'AK PARTİ YANLISI' SUÇLAMASI
Hürriyet'in
"üniversitede özgürlük" kampanyasına
destek veren 1500'e yakın akademisyeni, '
AK Parti'ye yakın kişiler' olarak lanse etmeye çalışması, büyük tepki çekiyor.
Gazete
http://universitedeozgurluk.blogspot.com/ adlı internet sitesinde yer alan 1450 (03.02.2008 - 23.00 itibariyle) kişilik akademisyen listesinden, kamuoyunun yakından tanıdığı birkaç ismi seçerek, bu kişilerin AK Parti'yle ilişki içinde olduğunu vurguluyor. Ve bu örneklerden hareketle okurun zihninde kampanyaya dair genel bir fotoğraf oluşturulmaya çalışılıyor.
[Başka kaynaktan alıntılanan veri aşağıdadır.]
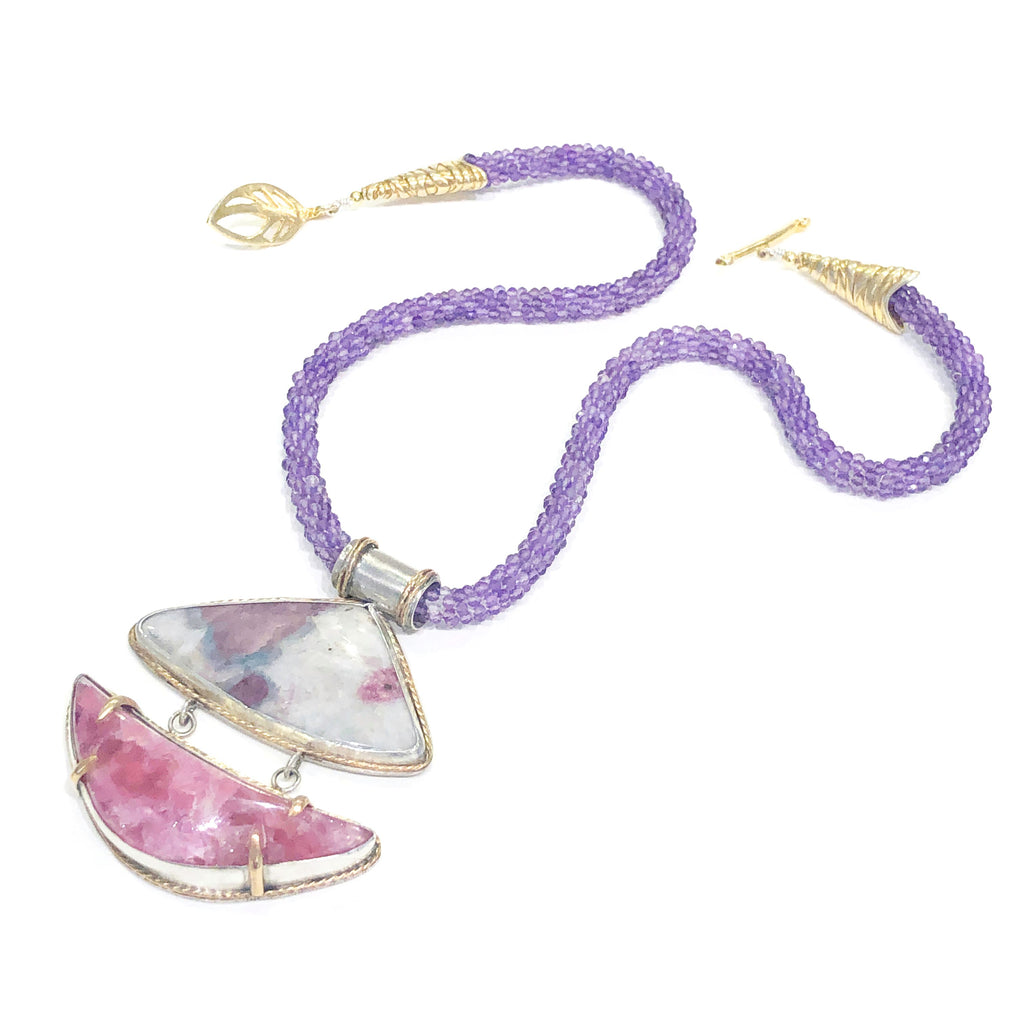 Genuine Amethyst, Paraíba Tourmaline+ Pink Calcite crocheted necklace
Hürriyet'in üniversitelerde görev yapan bu kadar çok sayıda bilim adamını, siyasi bir görüşe angajeymiş gibi göstererek,
Türkiye tarihinin belki de en önemli özgürlük kampanyalarından birinin
etkisini kırmaya çalıştığı anlaşılıyor.
BİR DE BURADAN BAKIN
Oysa bu tür bir yaklaşımın tamamen maksadının aksi bir sonuç üretmesi kaçınılmaz. Şöyle ki;
Bir an için
"üniversiteler özgür olsun" diyen bu 1500'e yakın bilim adamının, AK Parti'nin siyasi görüşünü benimsediklerinden dolayı, böyle bir bildiriye
imza koyduklarını düşünelim.
Bu süreç tersten bir okumayla şu anlama geliyor:
YASAKÇI KAFALAR DA CHP'Lİ Mİ?
Halen üniversitelerdeki
yasakları en katı biçimde savunan parti herkesin bildiği üzere CHP. Öyleyse üniversiteyi kazandıkları halde özgür bir ortamda eğitimlerini devam ettiremeyen
genç kızların önündeki yasak savunucularının hemen hepsi
üniversitelerdeki CHP yanlısı kadrolar demek oluyor.
ÇARPICI BİR ÖRNEK
Bunlardan ilk akla gelen örnek ise üniversite koridorlarından, CHP koltuklarına sıçrayan ve adı insanlık tarihininin ayıplar hanesine
"ikna odalarının mucidi" olarak yazılan, Prof. Dr. Nur
Serter.
Buradan hareketle, üniversitelerdeki yasak savunuculuğun, esasında anayasa,
laiklik ilkesi yada ilericilik konusundaki kaygılardan değil
kaba bir siyasi tarafgirlikten kaynaklandığı ortaya çıkıyor.
ETİKLE BAĞDAŞMAZ
Gazetenin, pek çoğu itibariyle siyasi görüşlerini bilmediği, belki de isimlerini bile daha önce hiç duymadığı, 1500'e yakın üst düzey bilim adamını, bir çırpıda birer
siyasi figüranmış gibi göstermesinin medya etiğiyle de, insan haklarıyla da asla bağdaşmayacağı ifade ediliyor.